**Task instructions**
The expected output is each line from the one containing "Lisa-Marie Reichelt im Oman beim Klettern" to the last line of the data below, set down exactly, minus the pictures.

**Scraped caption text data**
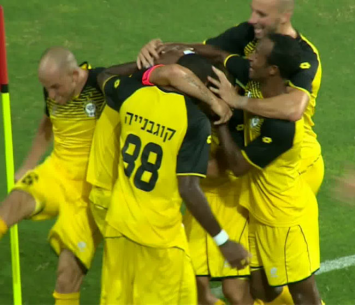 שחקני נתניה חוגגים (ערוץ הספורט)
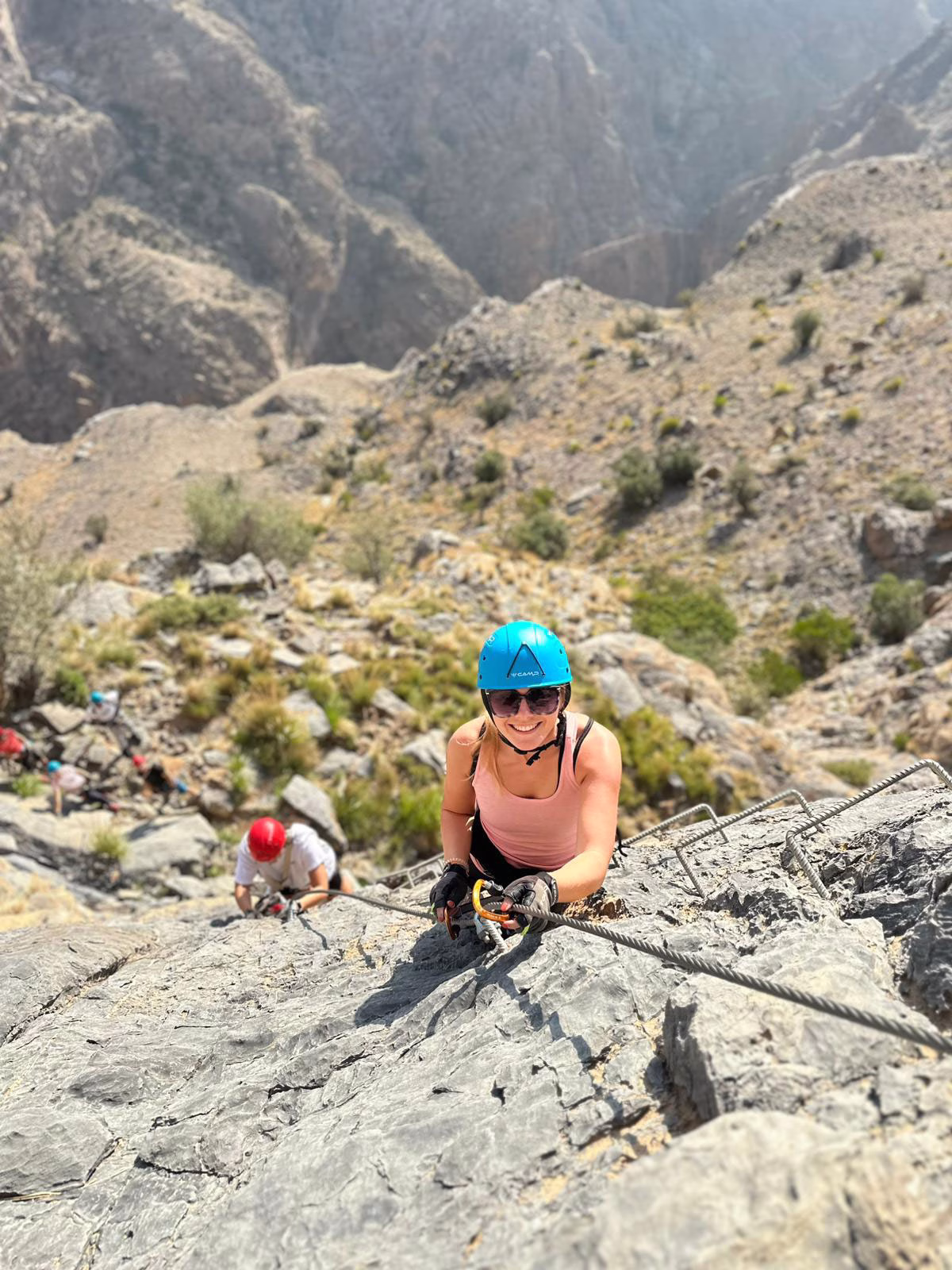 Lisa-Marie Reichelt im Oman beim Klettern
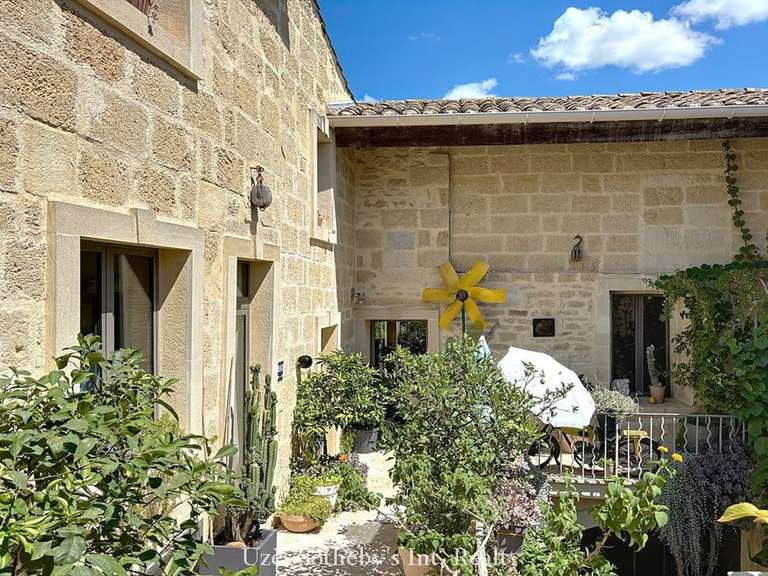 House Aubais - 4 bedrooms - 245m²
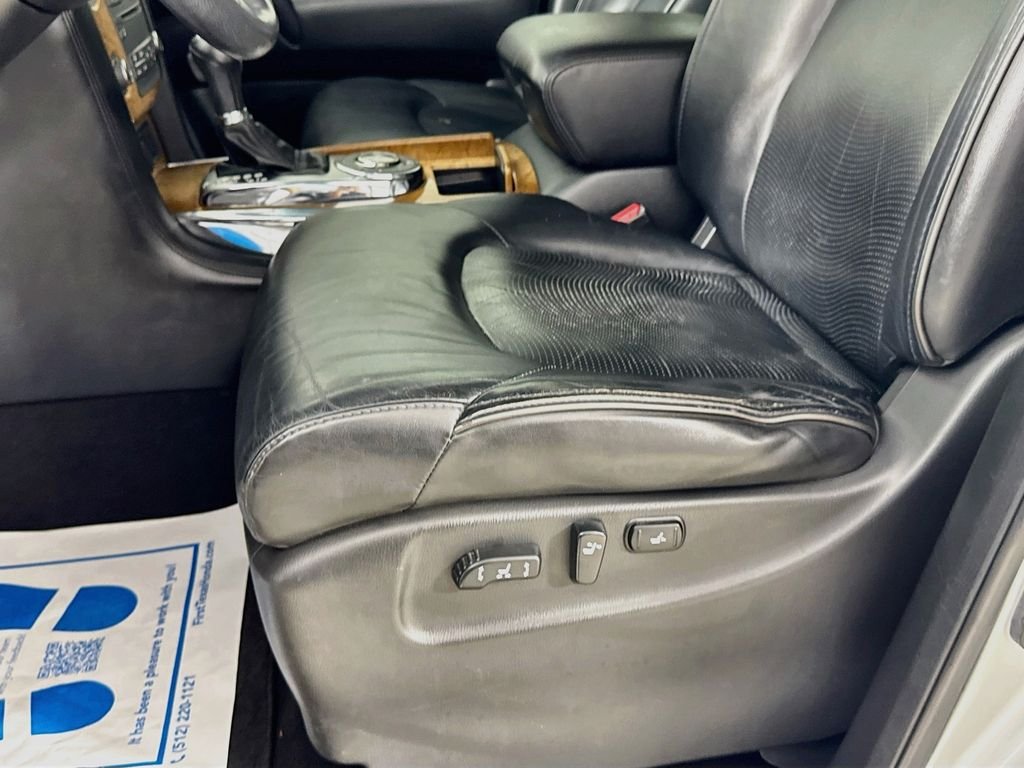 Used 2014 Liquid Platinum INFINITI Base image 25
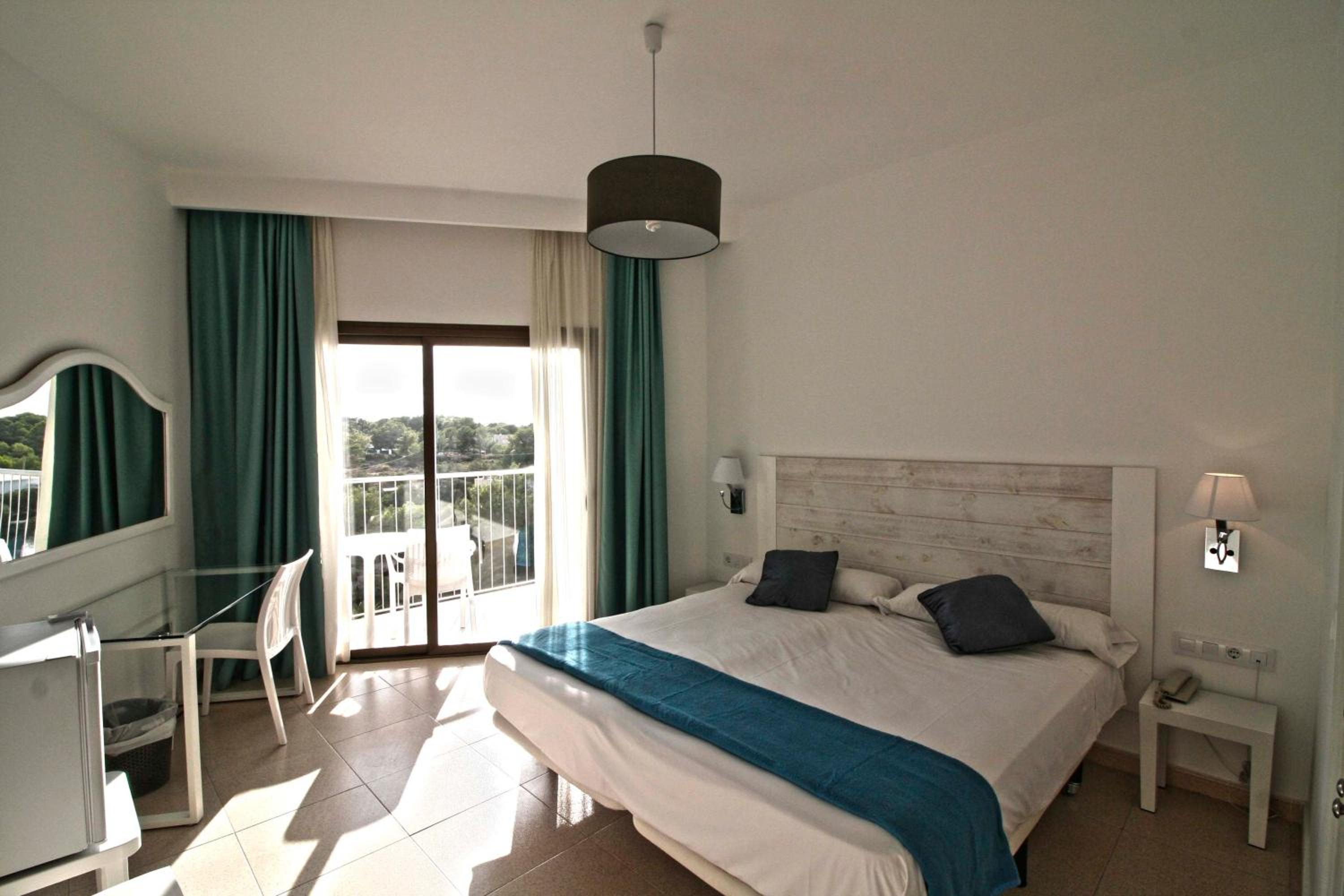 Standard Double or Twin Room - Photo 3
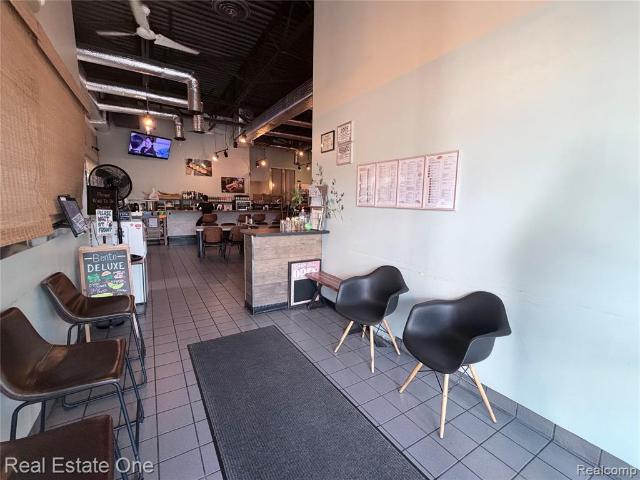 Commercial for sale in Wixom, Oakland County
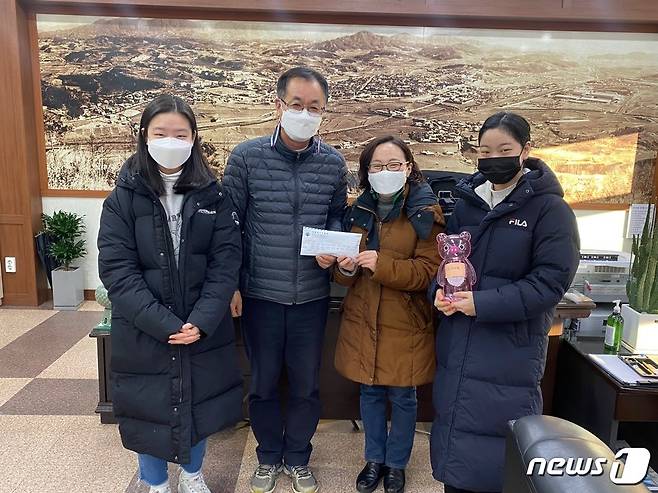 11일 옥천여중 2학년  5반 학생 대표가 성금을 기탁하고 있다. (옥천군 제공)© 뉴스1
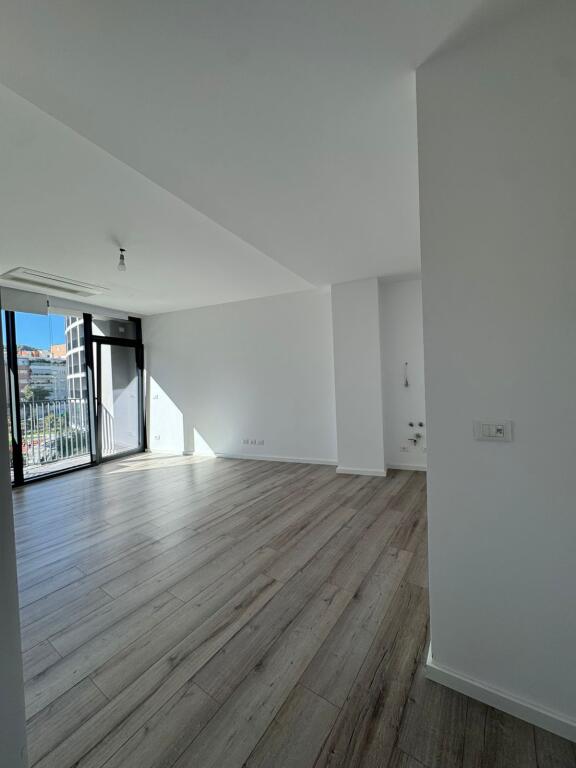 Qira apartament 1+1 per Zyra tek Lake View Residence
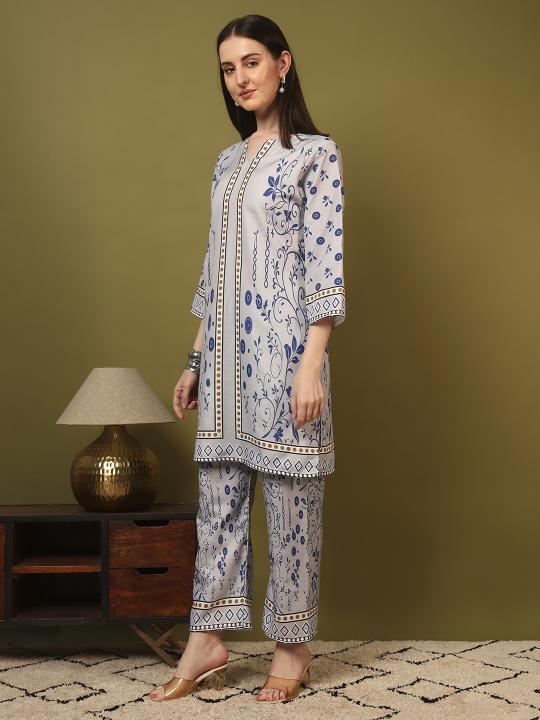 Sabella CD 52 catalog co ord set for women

**Written response**
 Lisa-Marie Reichelt im Oman beim Klettern
 House Aubais - 4 bedrooms - 245m²
 Used 2014 Liquid Platinum INFINITI Base image 25
 Standard Double or Twin Room - Photo 3
 Commercial for sale in Wixom, Oakland County
 11일 옥천여중 2학년  5반 학생 대표가 성금을 기탁하고 있다. (옥천군 제공)© 뉴스1
 Qira apartament 1+1 per Zyra tek Lake View Residence
 Sabella CD 52 catalog co ord set for women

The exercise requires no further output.